Work instructions –
Write out, without any change, the lines in the material below that run from the line with "So to recap: you" through the line with "Moving on to", both included.

Information supplied –
==========

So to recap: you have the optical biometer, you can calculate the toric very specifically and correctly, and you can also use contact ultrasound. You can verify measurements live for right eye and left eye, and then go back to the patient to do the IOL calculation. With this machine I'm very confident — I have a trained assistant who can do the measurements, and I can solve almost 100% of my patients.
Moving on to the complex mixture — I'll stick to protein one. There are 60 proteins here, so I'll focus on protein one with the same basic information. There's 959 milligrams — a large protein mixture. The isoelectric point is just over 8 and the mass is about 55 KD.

==========

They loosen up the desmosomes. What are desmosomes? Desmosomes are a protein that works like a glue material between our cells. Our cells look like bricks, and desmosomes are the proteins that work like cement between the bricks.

==========

Your solution –
So to recap: you have the optical biometer, you can calculate the toric very specifically and correctly, and you can also use contact ultrasound. You can verify measurements live for right eye and left eye, and then go back to the patient to do the IOL calculation. With this machine I'm very confident — I have a trained assistant who can do the measurements, and I can solve almost 100% of my patients.
Moving on to the complex mixture — I'll stick to protein one. There are 60 proteins here, so I'll focus on protein one with the same basic information. There's 959 milligrams — a large protein mixture. The isoelectric point is just over 8 and the mass is about 55 KD.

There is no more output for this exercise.